_WHAT IS EXPECTED:_ Lines outside the range are not wanted. Give again exactly the lines between the line holding "wheat leaves on white background" and the line holding "Standing Water Removal in Oakboro, NC", inclusive, from the listing below.

_EXCERPTED DATA:_
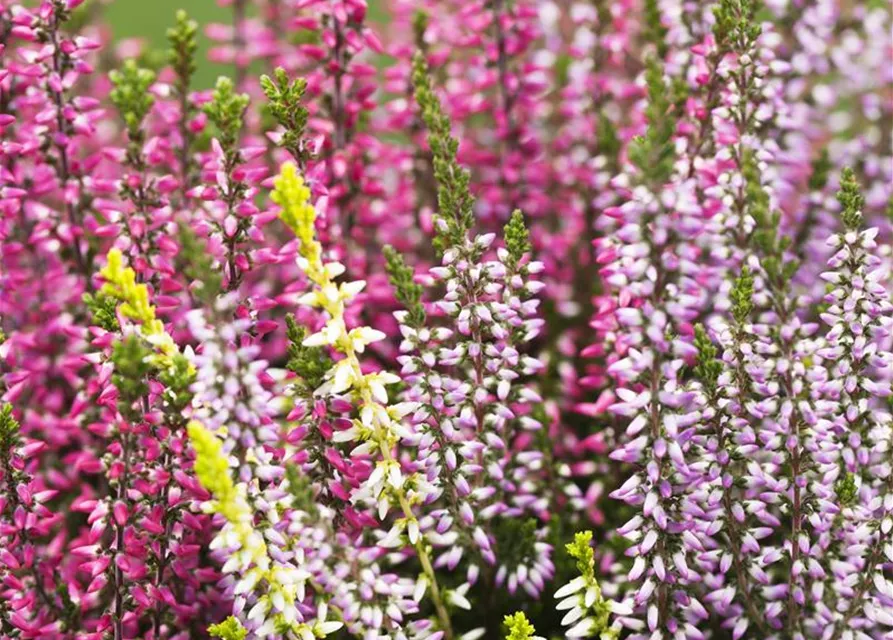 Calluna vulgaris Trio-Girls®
==
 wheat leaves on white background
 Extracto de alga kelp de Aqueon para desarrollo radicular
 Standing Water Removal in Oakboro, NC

_RESPONSE BELOW:_
 wheat leaves on white background
 Extracto de alga kelp de Aqueon para desarrollo radicular
 Standing Water Removal in Oakboro, NC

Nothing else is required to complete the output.